Using current technology to capture the carbon in flue gas at fossil fuel power plants would increase the cost of electricity they produce by between 35 per cent and 85 per cent, but a simulation shows that using supported amine sorbents (SASs) instead could be a less expensive solution.
SASs would reduce these facilities’ capital expenditure on a capture facility because the adsorber which contains these materials would be about 60 per cent smaller in volume than the absorber that would be required if the monoethanolamine (MEA) solutions of today’s technology were used to perform the same task. This is because the SAS system avoids the slow mass transfer associated with dissolution and diffusion in the liquid in the MEA system. And these cost savings come on top of energy savings.
Today capture and compression costs contribute to around 80 per cent of the total cost of carbon capture and storage (CCS).

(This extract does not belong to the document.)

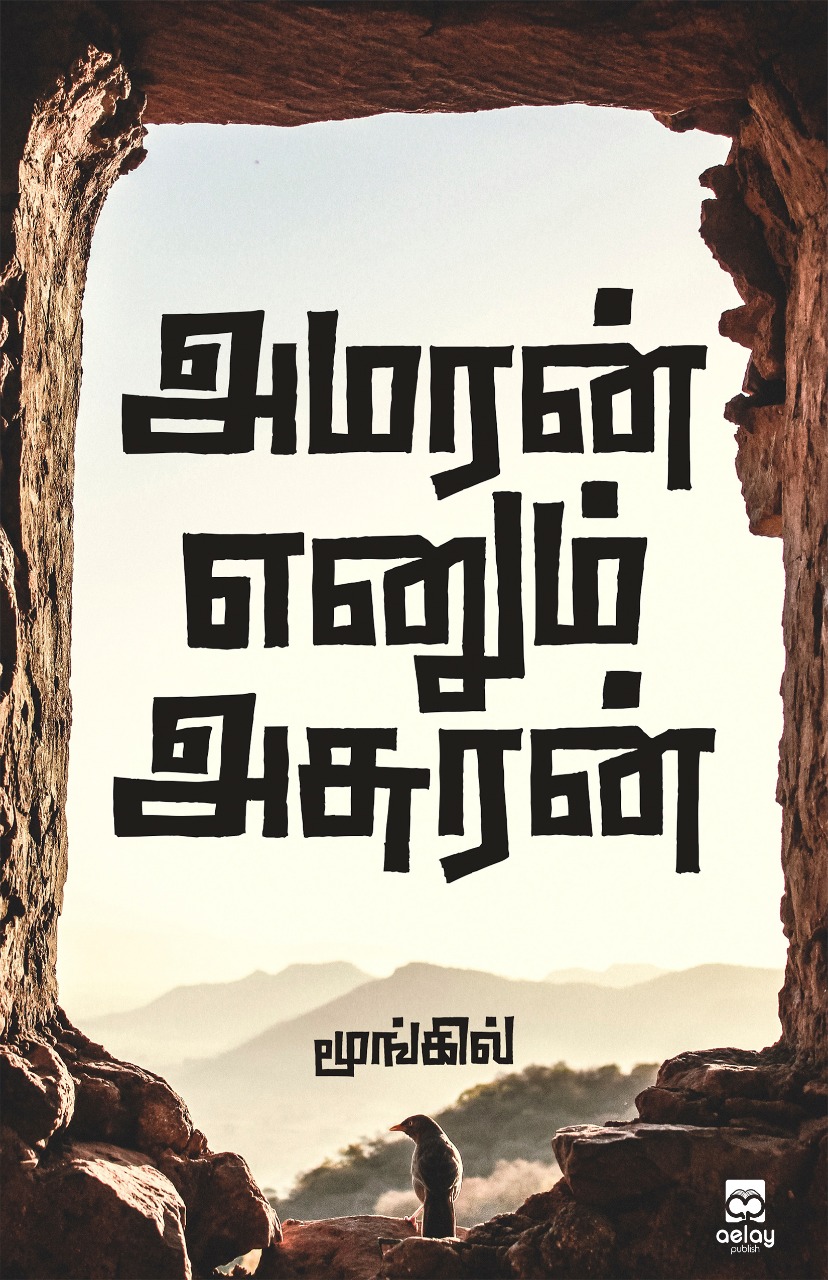 Amaran enum asuran | அமரன் எனும் அசுரன்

But excluding compression, thermal energy consumption and other operational costs dominate capture costs, as shown in Figure 1, and the capital expenditure, 28 per cent, is mainly made up of the cost of the absorption unit, covering almost 50 per cent of the total CAPEX.
Figure 2 breaks down the energy requirement fraction (44 per cent of the total cost of CO2 capture) into contributions for reaction or desorption heat, sensible heat and solvent evaporation.

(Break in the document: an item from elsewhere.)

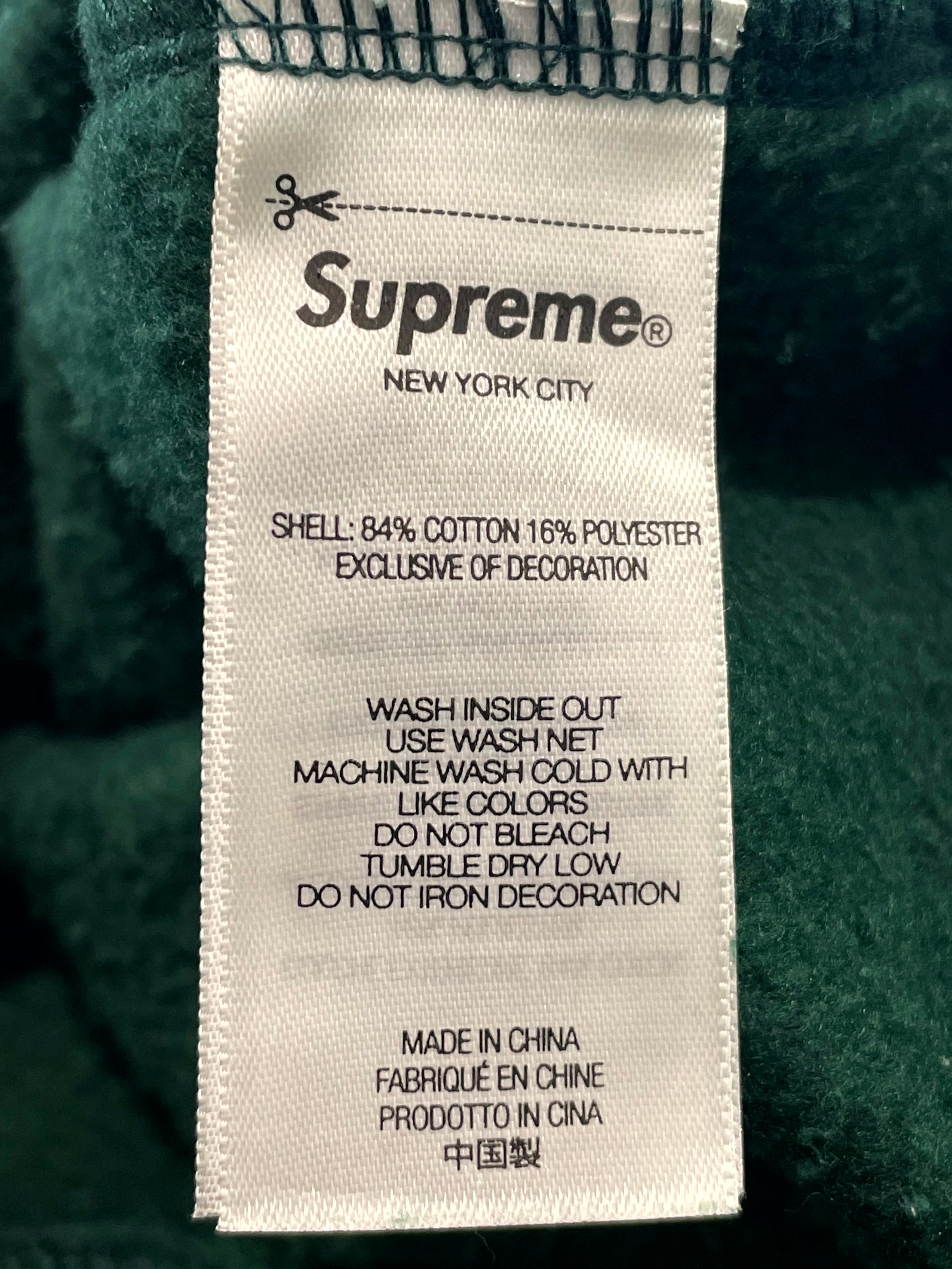 Supreme Knowledge Resigns Hoodie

A large part of the energy requirement of an MEA process arises in the heating of the amine solution from the absorption temperature to the desorption temperature, and in the evaporation of solvent in the desorber column, so replacing the water phase with an SAS greatly reduces the energy required for regeneration. An adsorption-based capture process could reduce the net energy requirement for CO2 capture from roughly 3.3 GJ/tonneCO2 (GJ/tCO2) to below 2 GJ/tCO2, assuming that 75 per cent of the heat contained by the regenerated sorbent is recovered for heating the sorbent before it enters the desorber.
If co-adsorption of water can be prevented and no water has to be evaporated in the desorber, the process energy requirement could even be 1.7 GJ/tCO2.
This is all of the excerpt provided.